L’astuce du volet osseux permet de réduire la morbidité de cette cavité d’accès. En effet, cette approche a pour but d’ouvrir la cavité d’accès avec un volet qui pourra être réimplanté en fin de chirurgie, plutôt que de
détruire l ‘os avec une fraise. Ce tour de main a été initialement décrit par F Khoury, dans le cadre de résections apicales molaires mandibulaires sans pertes tissulaires vestibulaires (1). Le développement d’instruments rotatifs à disque (MicroSaw® Dentsply Sirona) ou encore le développement d’instruments de chirurgie piézoélectrique très fins (Ot12, Mectron®) permettent des ostéotomies graciles et la réalisation de volet osseux destiné à être repositionné une fois la chirurgie terminée.

INDICATIONS
Les indications de volets osseux sont multiples :

  • resection apicale molaire mandibulaire,
  • extraction de canine incluse, d’apex dentaire fracturé,
  • cystectomie,
  • antrostomie vestibulaire en cas d’aspergillose ou de corps étranger dans le sinus
    maxillaire,
  • explantation,
  • etc…

En revanche, elle n’est pas indiquée si l’os en vestibulaire de l’élément à retirer est extrêmement fin (quelques dixièmes de millimètres) ou absent.
Grâce à cette astuce chirurgicale, le caillot sanguin est mieux stabilisé et le volet osseux rapidement revascularisé. La cicatrisation osseuse et le maintien du volume osseux sont optimisés, tout en évitant une invagination des tissus mous provoqué par la compétition cellulaire (3,4,5,6,7).

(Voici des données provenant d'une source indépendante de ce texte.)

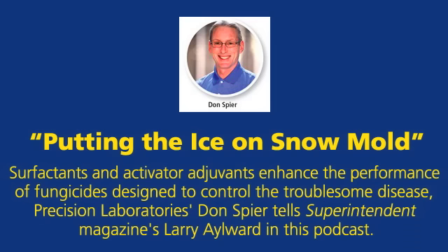Now let's turn to soil surfactants. Don, how can superintendents use soil surfactants to control snowmold? This is kind of a new category, and I did some research before we sat down to talk.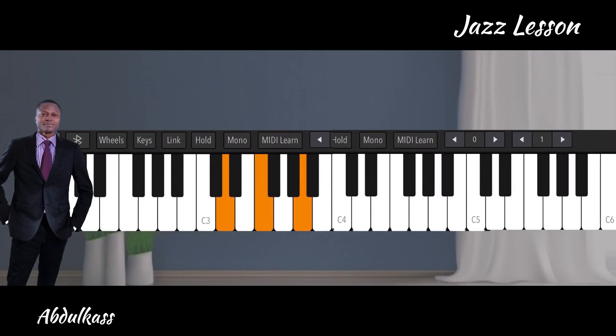For the 2-5-1 in the key of C, we have Re Sol Do. For the Re, always make sure it is a minor seventh — meaning Re Fa La Do. That is our two. You can also add Mi, which is called the ninth, an added ninth. For now since I'm introducing this for the first time, just use Re Fa La Do as a normal minor seventh. Later I'll explain why adding the ninth becomes interesting for improvisation.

AU TRAVERS DE DEUX EXEMPLES CLINIQUES

– Au maxillaire (cas présenté dans la vidéo)
En dentisterie quotidienne, il est fréquent que des corps étrangers puissent effracter le sinus maxillaire. Il peut s’agir d’un apex radiculaire lors d’une extraction complexe, d’un implant dentaire peu stable lors de la
pose combinée à un Summers, ou encore d’un germe de dent de sagesse. Nous verrons au travers de la vidéo ci-jointe, comment une fraise dentaire perdue par un confrère lors d’une séparation de racine, a pu être retirée
du sinus maxillaire, sans recourir à une méatotomie sous anesthésie générale.
Ici, le sinus présente une infection et de nombreux polypes. une communication bucco-sinusienne avec écoulement purulent est présente depuis 8 semaines. Pour éviter de détruire tout le capital osseux chez ce
patient en essayant de récupérer la fraise à travers la communication buccosinusienne, un volet osseux
est découpé avec un insert. Il est luxé avec la membrane sinusienne attenante permettant un bon accès visuel au sinus maxillaire infecté. Les polypes intrasinusiens sont curetés minutieusement sans endommager la membrane sinusienne, puis le corps étranger est retiré.
Le volet est repositionné grâce à des sutures résorbables monofilament (Monofast 5.0, Neohm), et le lambeau suturé hermétiquement sans tension après une incision périostée.

Après trois mois de cicatrisation, un sinus lift conventionnel a été réalisé. Cette chirurgie nous a permis d’apprécier la qualité de régénération du volet osseux. Le patient a été réadressé chez le praticien traitant pour la pose des implants.
Ce tour de main chirurgical du volet osseux nous a permis ici d’éviter une méatotomie sous anesthésie générale à notre patient et d’optimiser les volumes osseux en prévision de la chirurgie de sinus lift à suivre. (Fig. 0).

Figure 0 : volet osseux sur le mur facial du sinus.

A la mandibule : extraction délicate à proximité de structure anatomique.

Le plan de traitement pour cette situation clinique (fig. 1) est d’extraire la racine incluse, ankylosée de la prémolaire secteur III afin de pouvoir poser 3 implants dentaires en 34 35 36 avec les aménagements tissulaires nécessaires.

Figure 1 : ConeBeam et reconstruction 3D pré-opératoire, 34 incluse et proximité anatomique du nerf alvéolaire inférieur.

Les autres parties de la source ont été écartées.